Added:
You advise 3W load on a 50 W transformer.
I suggested 85-90% efficiency.
Transformer will draw magnetising current when unloaded. This will incur copper losses but will not be the full loaded current.
10W additional = 80% of rated power which sounds much too high.
You have still declined to tell us HOW you are measuring power - you say it jumps by 50 Watts. Measured how & with what. The only certain measure would be a power factor correct Watt meter. ie the house meter would qualify - a plug in watt meter quite possibly wouldn't.
More information is needed.
You mention "halogen mal transformers" - are they 50 Hz iron core transformers or smps (switch mode power supply) converters?
You imply that the LEDs operate from 12V and
imply that they may usually run on DC.
You suggest that they run OK on the 12 VAC from the "transformers" which may be
50 Hz AC or
10's to 100's of KHz AC?
You say "it would appear that you are using 15W/LED lap but knowing how you measure this in as much detail as possible could be useful. Or not :-).
You imply that it is not just the VAC x IAC product as yoyt say that in the output VAC x IAC = 15W but compensating for RMS gives 5W. This raises the question as to what it is you measure and how to get the 15W and how you RMS convert to get 5W. (The factor of 3 does not untuitively drop out of any conversion that comes to mind).
SO if you can fill in all the bgaps, and add a diagram if your word picrure would benefit from it, it may help.
Iron core power supplies may be in the 85% - 90% efficiency range but better is conceivable, and any fool can get less than that, and some do. (A 60Hz designed transformer run at 50 Hz can get nice and toasty.
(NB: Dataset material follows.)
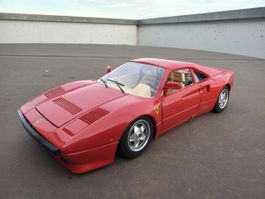 Ferrari 288 GTO - 1/18 - Bburago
Ask me how I know :-).)
An electronic "transformer" can get just about any efficiency at all. 95%+ is doable and 65% would not be a surprise in some few cases. 80%-90% should be hoped for if not always expected.
Running LED lamps that are "designed" [tm] for DC use on AC may cause problems. At 50 Hz flicker may be an issue. IF the lamps have intelligent and/or active internal regulation to a lower DC voltage or to constant current then conceivably the need to provide a pulse of power input twice per cycle (or quite possible once per cycle if they are polarity dependant ) may cause massive converter overload and may even cause core saturation problems upstream in the 230:12 VAC supply. For extra points they may have placed a reverse diode across the supply input for "protection" and this may be causing a massive current peak every unused reverse half cycle.
SO too many guesses needed, not enough data.
A much fuller description should help.
IF you take the 12 VAC, feed through a full wave bridge and then add a LARGE electrolytic cap so there is well under 1 Volt ripple on the DC, and drive the lamp from that, what power does it draw?
Any web links for transformers, LED lamps, ...?
Yes, a transformer will worth the opposite when connected backwards.
You have a roughly 16:1 transformer - for every 16 volts you put in you get 1 volt out.
In a perfect world, for every 1 volt you then put in the secondary you'd get 16 volts out of the primary. So 5V p-p would ideally give 80v p-p out.
However, it's not quite that simple.
Transformers are designed to work most efficiently at certain frequencies. To get the most out of your transformer you should run at 50Hz, not 100kHz.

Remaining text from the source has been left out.